YouTube
Walk through a complete YouTube design, from a bare upload service to a globally distributed video platform handling 500 hours of uploads per minute and 1B hours of daily playback.
What is YouTube?
YouTube is a platform where users upload, store, and stream video globally. The engineering challenge is not storage; it is converting 500 hours of raw video per minute into multiple adaptive bitrate formats and delivering each stream at the right resolution to viewers in 200+ countries within minutes of upload. It tests CDN architecture, async pipeline design, and distributed storage in a single question, which is why it is one of the highest-signal problems in the system design interview circuit. I treat this question as a pipeline design problem first and a storage problem second: getting the transcoding architecture right unlocks every other decision.
Functional Requirements
Core Requirements
- Users can upload a video file.
- After upload, the video becomes available to watch (transcoded into multiple resolutions).

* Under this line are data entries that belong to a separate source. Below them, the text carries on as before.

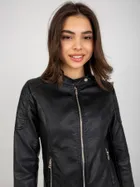 Kurtka ramoneska damska, czarna, Forget Me Not Fashion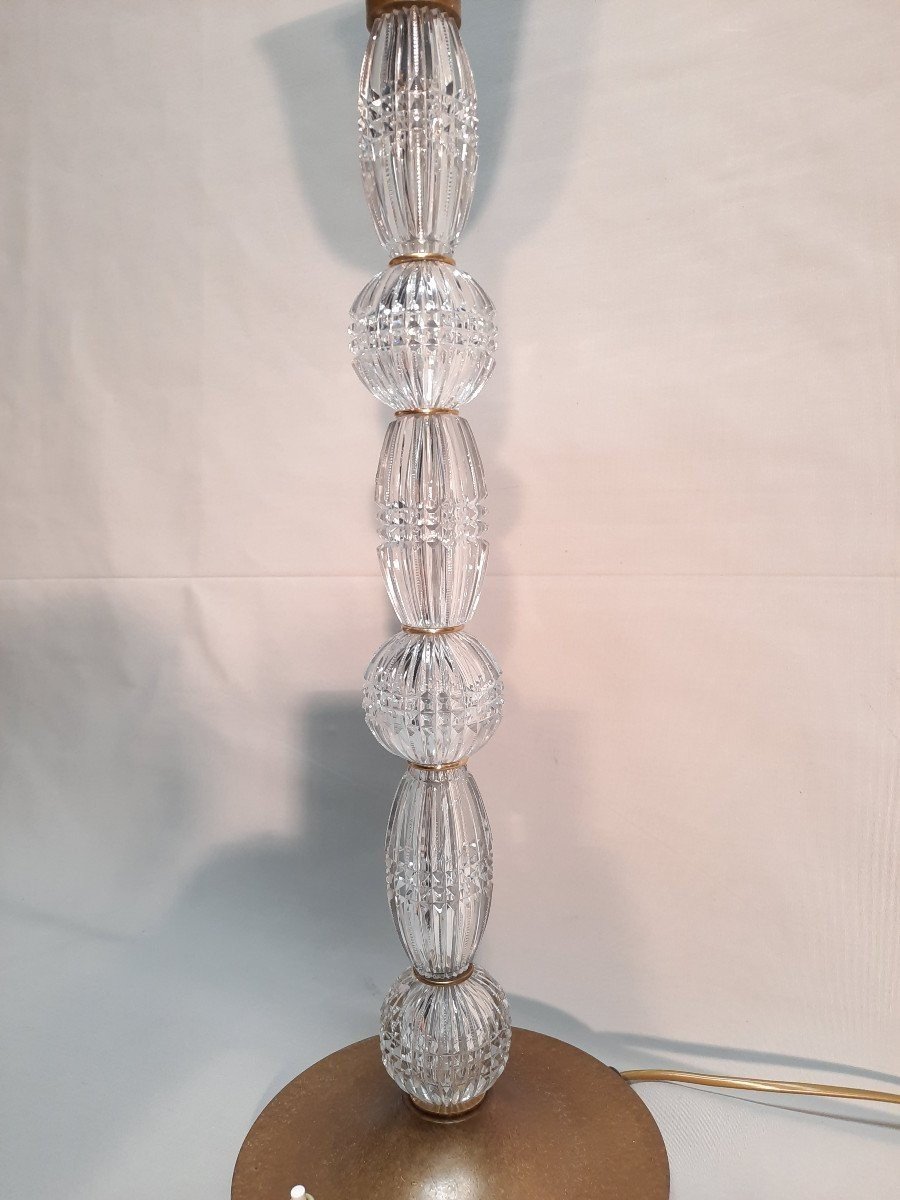 Large Cut Crystal Lamp H 74 Cm-photo-3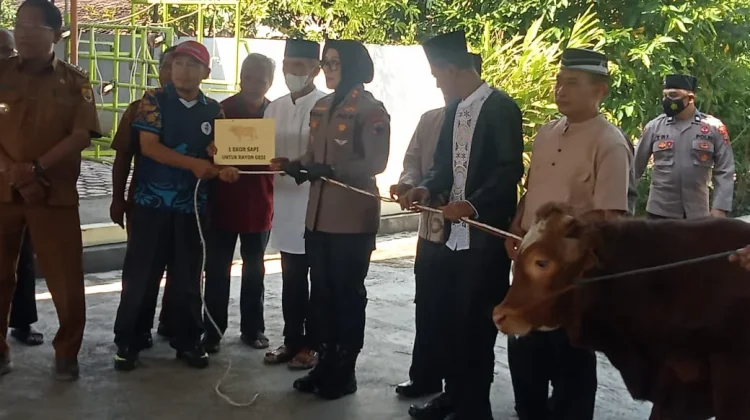 Polres Sragen Salurkan Kurban Hingga Ponpes dan Lapas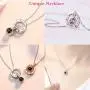 HACOOL Projective Necklace, I Love You Symbol of Steadfast The Memory of Love Different Languages for I Love U HACOOL Projective Necklace, I Love You Symbol of Steadfast The Memory of Love Different Languages for I Love U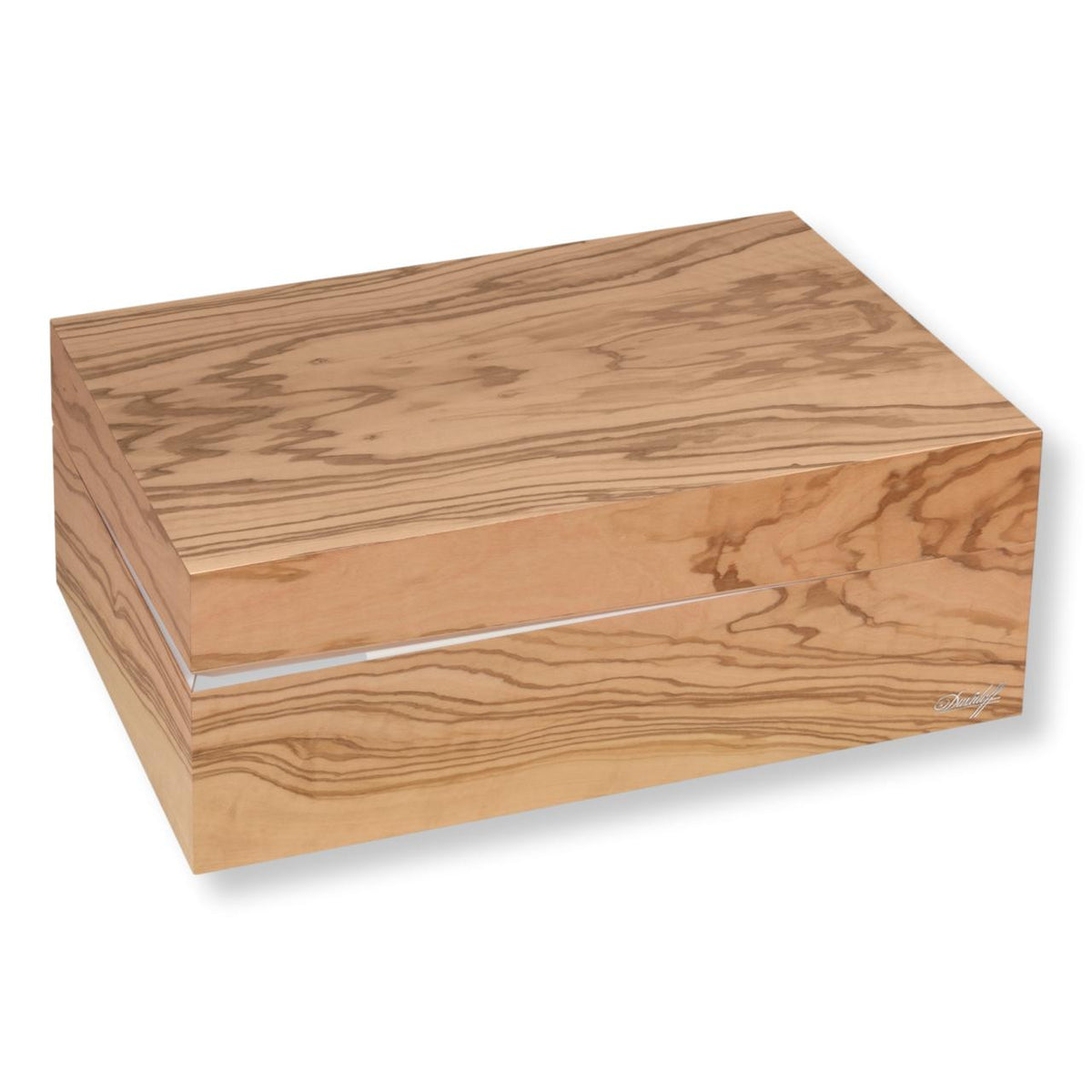 Davidoff Air De Famille Series I Olive Wood Ambassador 80-Cigar Desktop Humidors - Main Image - Right Facing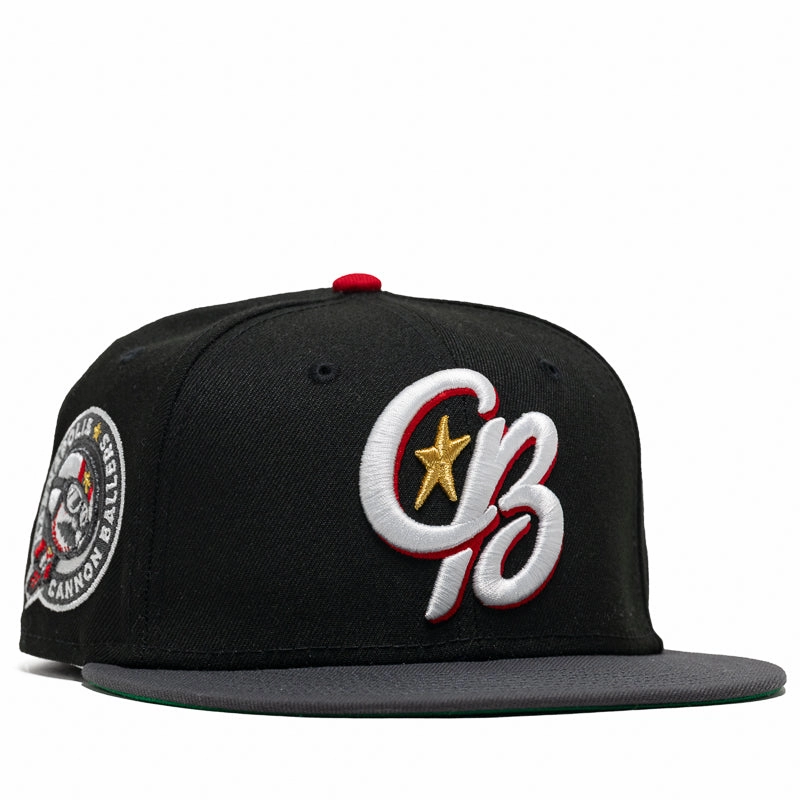 New Era x Politics Kannapolis Cannon Ballers 59FIFTY Fitted Hat - Black/Grey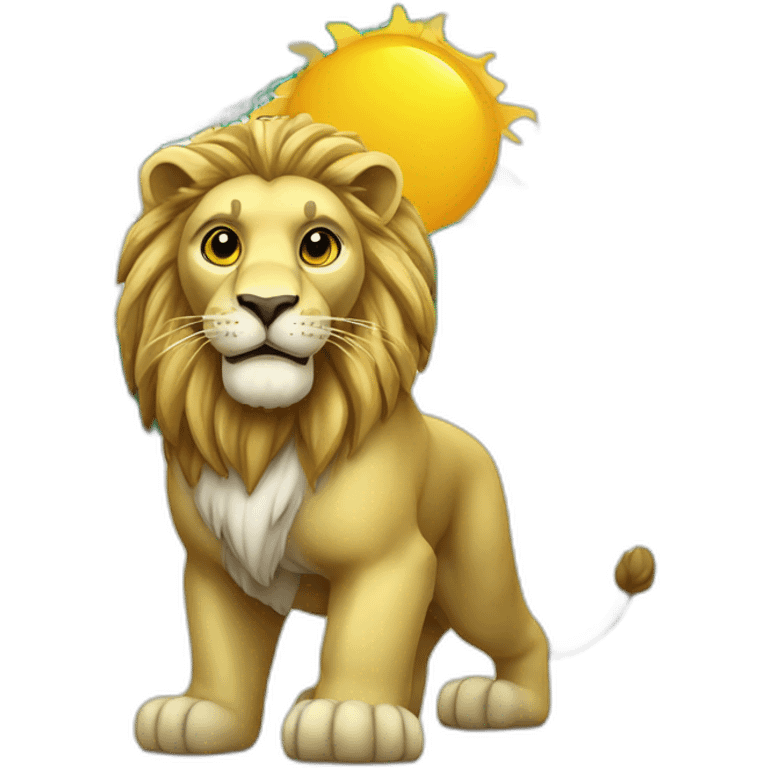 Iran lion and sun flag emoji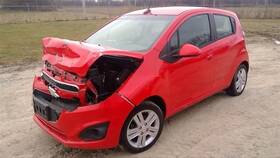 169-01116 Chevrolet Rear Spoiler With Brake Light Red For Trunk Hatch Fits 13-15 Spark 74449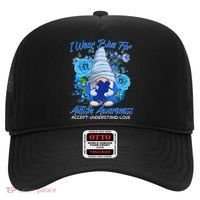 Cool I Wear Blue For Autism Awareness Accept Understand Love Flower Gnome Hat thumb 0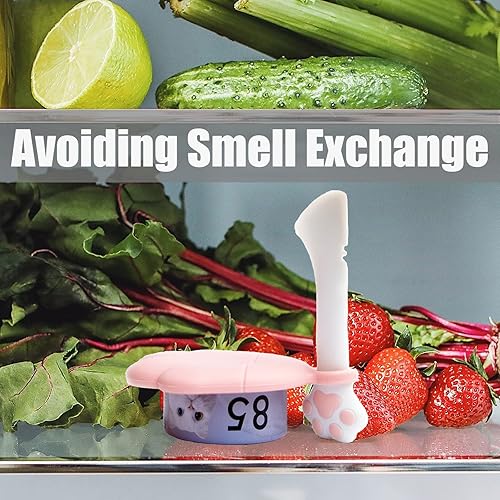 Miniatura 7 de Meow&Woof Funda para comida enlatada para mascotasCuchara para comida húmeda de gatoTapa para latas de perroPaquete de una tapa y una cuchara con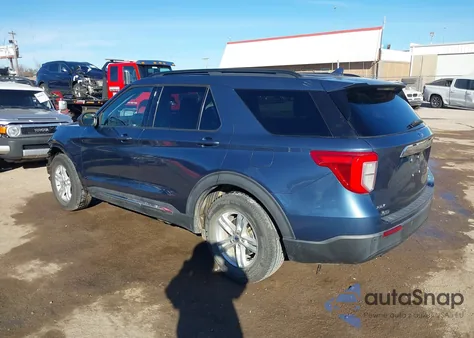 2020 Ford Explorer Xlt из США, поврежденный, VIN 1FMSK7DHXLGC27831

- Users can stream a video at a resolution appropriate for their device and connection.
- Users can search for videos by title and description.
Below the Line (out of scope)
- Comments, likes, and subscriptions
- Recommendations and personalized home feed
- Live streaming
- Monetization and ads
The hardest part in scope: Video transcoding. A raw uploaded file must be converted into 6+ resolution variants (360p, 480p, 720p, 1080p, 4K, HDR) before the upload is considered complete. At 500 uploads per minute, the transcoding pipeline is the highest-throughput compute subsystem in the architecture.
Comments, likes, and subscriptions are below the line because they do not affect the upload or streaming paths. To add them, I would store a video_comments table keyed by (video_id, comment_id) and a video_reactions table keyed by (video_id, user_id). Like counts would be cached in Redis and reconciled to a database asynchronously.
Recommendations are below the line because they form a completely separate offline ML pipeline. To add them, I would emit watch events to a Kafka topic and train a collaborative filtering model offline, serving recommendations via a low-latency feature store.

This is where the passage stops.